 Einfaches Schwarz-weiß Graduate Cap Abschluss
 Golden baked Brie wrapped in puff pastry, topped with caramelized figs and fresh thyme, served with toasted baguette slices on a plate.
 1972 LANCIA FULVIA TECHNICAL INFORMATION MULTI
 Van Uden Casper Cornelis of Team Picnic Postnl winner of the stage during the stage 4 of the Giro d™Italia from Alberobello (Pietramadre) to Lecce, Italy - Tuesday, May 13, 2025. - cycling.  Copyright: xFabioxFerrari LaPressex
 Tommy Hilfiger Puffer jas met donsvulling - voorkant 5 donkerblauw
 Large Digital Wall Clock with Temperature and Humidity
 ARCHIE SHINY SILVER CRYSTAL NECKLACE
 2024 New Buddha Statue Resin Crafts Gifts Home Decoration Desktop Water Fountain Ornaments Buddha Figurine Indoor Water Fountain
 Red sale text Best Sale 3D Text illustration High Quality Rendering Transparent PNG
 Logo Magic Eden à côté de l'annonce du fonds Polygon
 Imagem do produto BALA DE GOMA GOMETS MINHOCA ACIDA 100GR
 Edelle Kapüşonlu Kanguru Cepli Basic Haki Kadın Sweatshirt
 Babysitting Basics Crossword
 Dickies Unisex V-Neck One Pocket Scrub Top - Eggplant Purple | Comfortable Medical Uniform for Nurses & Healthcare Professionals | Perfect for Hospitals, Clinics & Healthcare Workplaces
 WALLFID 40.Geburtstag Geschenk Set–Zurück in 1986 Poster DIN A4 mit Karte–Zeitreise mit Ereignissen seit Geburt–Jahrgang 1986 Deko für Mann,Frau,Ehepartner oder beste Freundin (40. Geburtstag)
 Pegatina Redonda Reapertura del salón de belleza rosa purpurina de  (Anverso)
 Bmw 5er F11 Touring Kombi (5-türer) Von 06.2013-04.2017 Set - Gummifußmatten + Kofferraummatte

# # #

→ **The problem**:
Starting at the line that contains "1972 LANCIA FULVIA" and stopping after the line that contains "ARCHIE SHINY SILVER CRYSTAL NECKLACE", write out every line exactly as it appears above, and no other line.

→ **Exercise answer**:
 1972 LANCIA FULVIA TECHNICAL INFORMATION MULTI
 Van Uden Casper Cornelis of Team Picnic Postnl winner of the stage during the stage 4 of the Giro d™Italia from Alberobello (Pietramadre) to Lecce, Italy - Tuesday, May 13, 2025. - cycling.  Copyright: xFabioxFerrari LaPressex
 Tommy Hilfiger Puffer jas met donsvulling - voorkant 5 donkerblauw
 Large Digital Wall Clock with Temperature and Humidity
 ARCHIE SHINY SILVER CRYSTAL NECKLACE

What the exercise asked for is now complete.